Brady, man cant believe you are really gone...i keep thinking this is just a dream and that ill wake up and you will be at the door askin for my brother lol....i miss ya man...tear up the sky and show them whos boss!!!

~ Amber Fitzhugh, Wyoming
March 21st, 2009

TO YOU I LOVE AND MISS SO MUCH

THE TIMES WE HAD

MY HEART YOU TOUCHED

YOU IN MY LIFE

MADE ME WHOLE

WHEN IN YOUR PRESENCE

BRIGHTENED SPIRIT AND SOUL

TO YOU I LOVE AND MISS SO MUCH

GOD BE WITH YOU

HOPE, FAITH, AND LOVE

REST IN PEACE

~ Jess, Wisconsin
March 21st, 2009

Brady,

You are missed with every ounce of everyones heart. You have made an impact on those who once knew you and those who never had the chance to know you. I have my brief memories of you. The last time I seen you, you had the greatest smile on your face and seemed so happy. Halloween this last year will never be forgotten. RIP Brady, you deserve the best and one day we'll all see you again.

You're in our thoughts and prayers.

God Bless.

~ Unknown :), Wyoming
March 21st, 2009

i still can't believe your gone..its something i don't want to be true. like everyone else i wish it was just a bad dream. i go to my intern everyday and see your mom, when she wasn't there it tore me apart to know where she was and why. when school starts again seeing her will bring your memory back to me. everyone misses you dearly. and when we are in heaven with you, chyna would love to give you her peace necklace, beacuse you wanted it. and you are the only person i know that can pull of hippi glasses. rest in peace brady.

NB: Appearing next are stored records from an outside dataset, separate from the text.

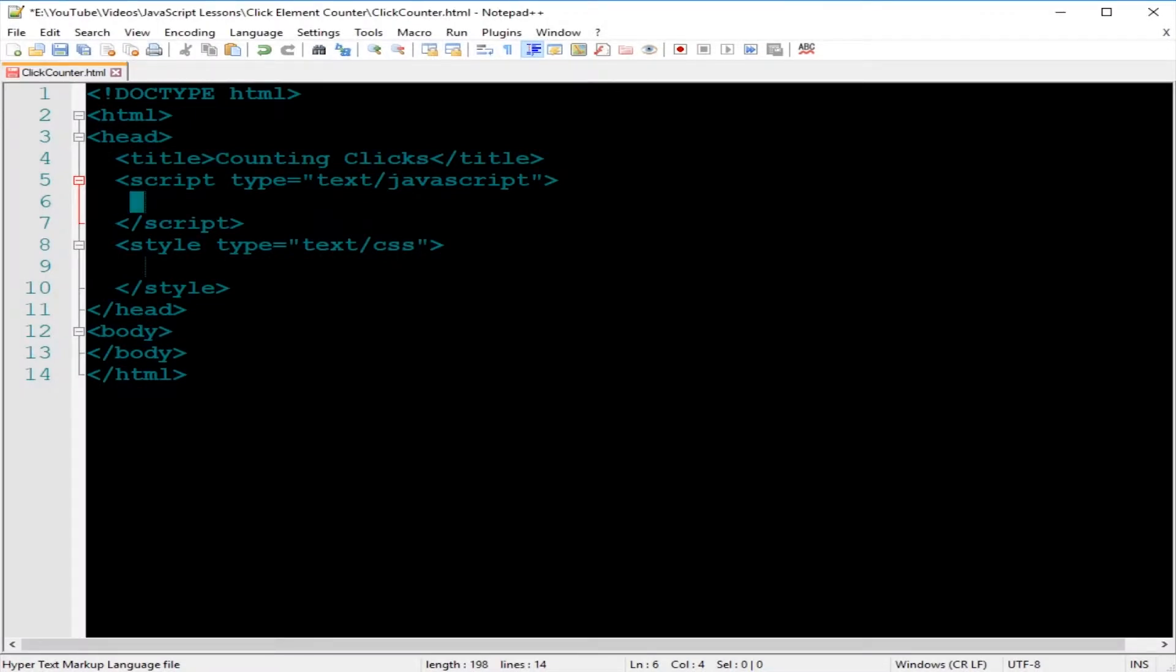Hello again, this is Jerry. Welcome to another JavaScript lesson. As an instructor, I will show you how to get the number of clicks of an element.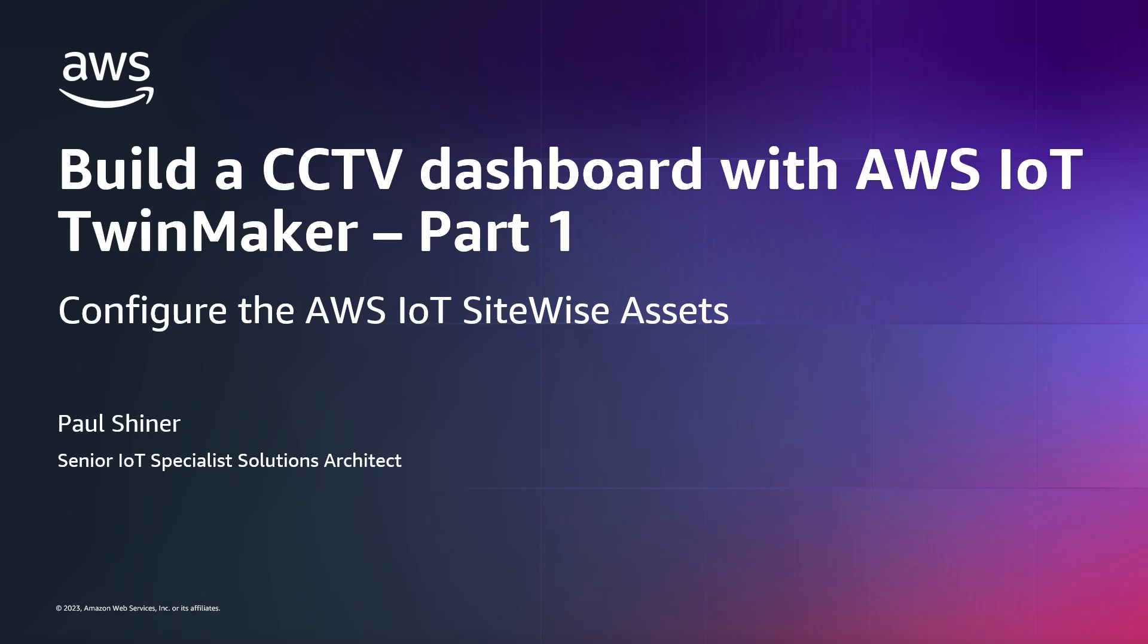This video is part one of a three-part series. Find the links below for the other parts and the introduction video, which explains the overall architecture. In this video we will configure the AWS IoT SiteWise assets. This is where the KVS edge connector will synchronize its configuration.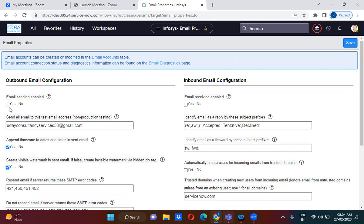We have a dev instance, a test instance, and a prod instance. In most organizations, in the dev environment and testing environments, this checkbox is always unchecked.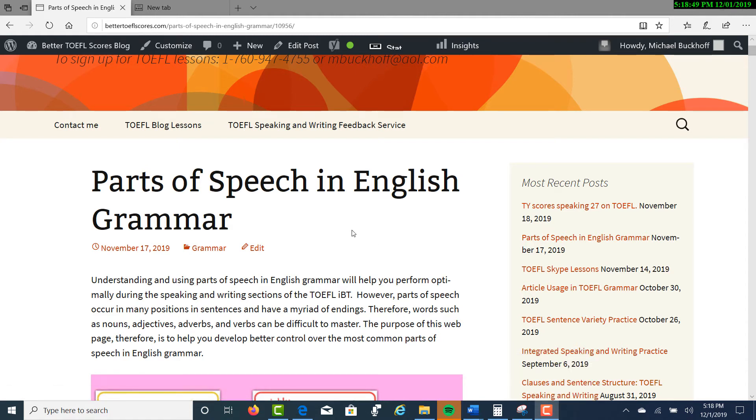Hi, this is Michael Bukhoff, the founder, owner, and materials writer at BetterTOEFLScores.com, and I put together a lesson specifically for my YouTubers.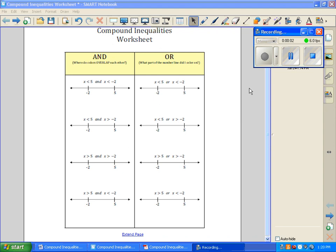This is going to be some extra practice on compound inequalities. The first thing we want to do is solve both inequalities and get them down to a solution. And then at this point we're ready to graph. So this is just looking at the final step in solving compound inequalities — the graphing portion of it.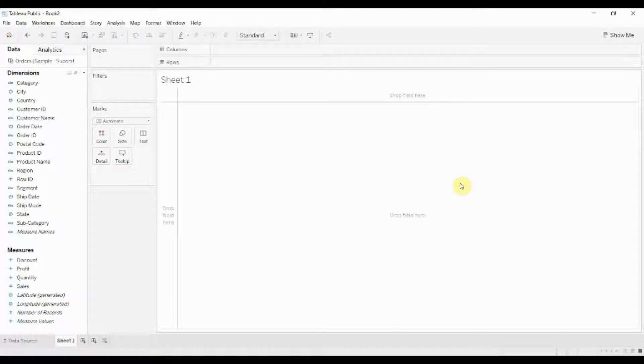Hi folks, welcome to another episode of Tableau in Two Minutes. Today we're going to show you how to create a hierarchy of fields and what you can do with them.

~ Tiffany Sloniker, Wyoming
March 21st, 2009

Hey i Just got an Email from Someone Named michel and told me you sadly passed away Anyways I'm Bam Mangera and i wish you the Best in Heaven I'll Skate with you when i get there and I'll let you Drive My Lamborghini. I don't know you but From the picture sent to me and the email Saying that The Douglas best Skate/ wrestler Has past Away i Felt sad for you and your family R.I.P Brady Patterson

~ Bam Mangera, California
March 21st, 2009

R.I.P. Brady. You will be missed.

~ Anonymous, Wyoming
March 21st, 2009

The whole aud was filled for you today. Everyone was crying. You have your own holiday! March 18 is dedicated to remembering you. Everyone loves and misses u Brady. We'll see ya rippin up the Big Sky when we get there. School those angels in wrestling and skating for us . See ya again

~ Anonymous, Wyoming
March 21st, 2009

Brady,

What to say....??? I didn't know well but i still knew you and thats wat counts!! i remember when i got the text about it..... i read it but i couldn't believe it. i had to read it a few times to believe it! than the first thing that came to my mind was" why??" than a song came to me!! it's called "how do you get that lonely?" it just kept going thru my head and then i realized i have been there but i couldn't finish it!! i hope it was an accident i think it makes everybody feel a little better knowing that. i know it helps me! i couldn't make it to your funeral like i wanted to!! but i'm still wearing lime green and black in your honor..... and i took a few minutes away from everything i was doing to look up to the sky and pray for you and your family!! i can't imagine the pain your family is going thru!! i lost my mom when i was young and man how i wish she was still around.... it feels like a part of me is missing even though i kno she is up in heaven with you, looking down on us all! anyways i just wanted to say REST IN PEACE AND KNOW YOU MADE YOUR MARK IN THE WORLD!! YOU TOUCHED ALOT OF PEOPLE!! WE WILL ALL MISS YOU!!

R.I.P bud

~ Anonymous, Wyoming
March 21st, 2009

noooooooooooooooooooooooooooooooooooooooooooooooooooooooooooooooooooooooo ooooooooooooooooooooooooooooooooooooooooooooooooooooooooooooooooooooooooo ooooooooooooooooooooooooooooooooooooooooooooooooooooooooooooooooooooooooo ooooooooooooooooooooooooooooooooooooooooooooooooooooooooooooooooooooooooo ooooooooooooooooooooooooooooooooooooooooooooooooooooooooooooooooooooooooo ooooooooooooooooooooooooooooooooooooooooooooooooooooooooooooooooooooooooo oooooooooooooooooooooooooooooooooooooooooooooooooooooooooooooooooooooooo! BRADY!!!!!!!!!!!! WHY!?!?! NOOOOOOOOOOOOOOOOOOOOOOOOO!

~ Anonymous, Wyoming
March 21st, 2009

hey Brady you know it just does not feel right with you gone. i mean you were a good friend and i am truly gonna miss you as is everybody else. Wish you were not gone but hey i will always remember you and i will join you up there someday. All of us will keep on living for you. and we will all join you. you know today was your funeral and everyone was there friends and family. and those stories that were shared were really great. wish you were not gone. hope to see you soon man. WE are all gonna miss you. See you sooner or later. Goodbye

~ Juli Cartwright, Wyoming
March 21st, 2009

Hey guess what today is Brady. Today is your funeral, and guess what...everyones gonna be there. In less then half an hour the whole aud. will be full of people who love and miss you, me inclulded. But you'll see soon that you truely are loved and missed.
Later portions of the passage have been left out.